How to compute identity from symmetric difference?

Question

We know that $(P(X), \Delta) $ forms a group, where $P(X) $ is the power set on the non empty set $X$ and $A\Delta B=(A-B) \cup (B-A)$ for all $A, B\in P(X) $. Clearly $\emptyset$ is the identity element. How can i compute $E$ from the relation $Y\Delta E=Y$ for all $Y\in P(X) $.

Answer 1

$$ E= E\Delta E= (E\setminus E) \cup (E\setminus E)= \emptyset\cup\emptyset= \emptyset. $$

Answer 2

By definition, we have $B-A = \{x|x \in B \text{ and }x \notin A\}$. Also notice that since $A\Delta B=(A-B) \cup (B-A)$, we have $B-A \subseteq A \Delta B$.

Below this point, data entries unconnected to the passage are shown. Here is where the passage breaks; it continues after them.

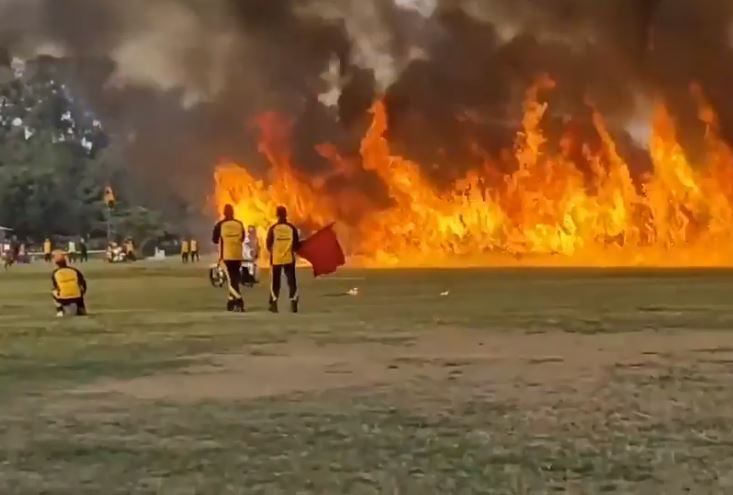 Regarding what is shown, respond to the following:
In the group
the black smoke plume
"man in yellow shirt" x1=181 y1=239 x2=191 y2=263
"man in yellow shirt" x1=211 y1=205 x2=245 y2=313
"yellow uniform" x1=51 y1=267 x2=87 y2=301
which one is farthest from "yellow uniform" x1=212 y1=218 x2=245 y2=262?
"man in yellow shirt" x1=181 y1=239 x2=191 y2=263

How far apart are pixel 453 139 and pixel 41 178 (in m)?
33.3

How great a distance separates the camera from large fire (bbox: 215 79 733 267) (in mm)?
39594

Now, we are looking for the set $E$ that satisfies $Y\Delta E= (Y-E) \cup (E-Y) = Y$ for all $Y\in P(X)$. First of all, if $E-Y \ne \emptyset$, then there exists an element $a$ such that $a \in E$ but $a \notin Y$. But then, since $E-Y \subseteq Y$, we have a contradiction because $a \in E-Y$ but $a \notin Y$. So we need to have $E-Y = \emptyset$. This means that $E \subseteq Y$.

Now, since $E-Y = \emptyset$, we have $Y \Delta E = (Y-E) \cup (E-Y) = Y-E = Y$ for all $Y \in P(X)$. And this is possible only when $E = \emptyset$.